# [Exercise instructions]
Only the lines from the one with "清香木的养殖方法，喜欢生长在湿润环境中" to the end of the data below should be given again, exactly, with both ends included and pictures omitted.

# [Collected material]

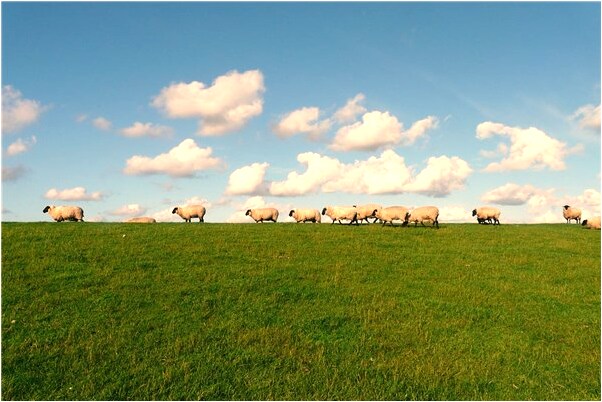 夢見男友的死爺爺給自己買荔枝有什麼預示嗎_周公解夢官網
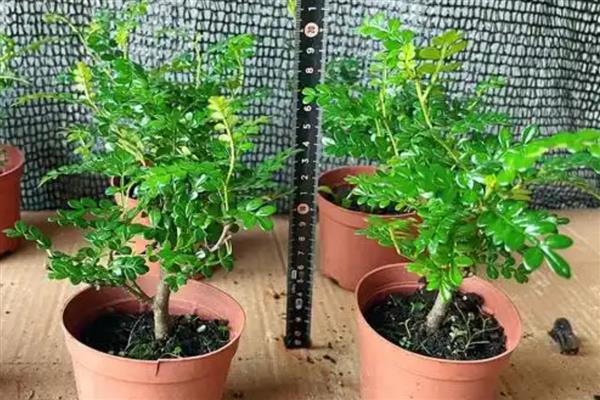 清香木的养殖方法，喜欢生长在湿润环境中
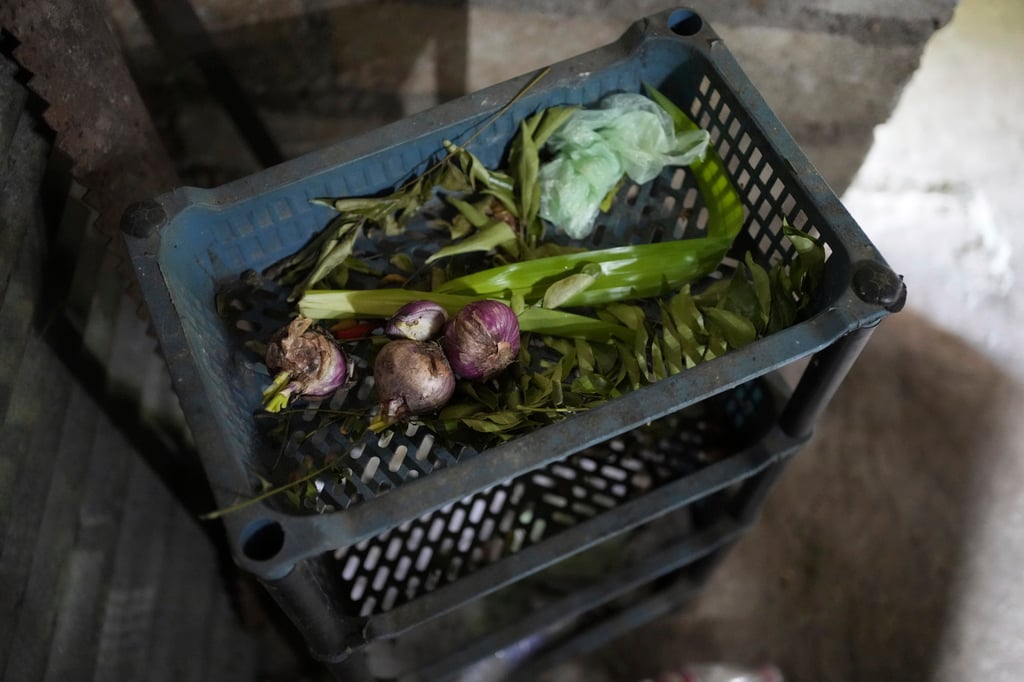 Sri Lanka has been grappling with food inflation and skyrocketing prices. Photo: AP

# [Exercise solution]
 清香木的养殖方法，喜欢生长在湿润环境中
 Sri Lanka has been grappling with food inflation and skyrocketing prices. Photo: AP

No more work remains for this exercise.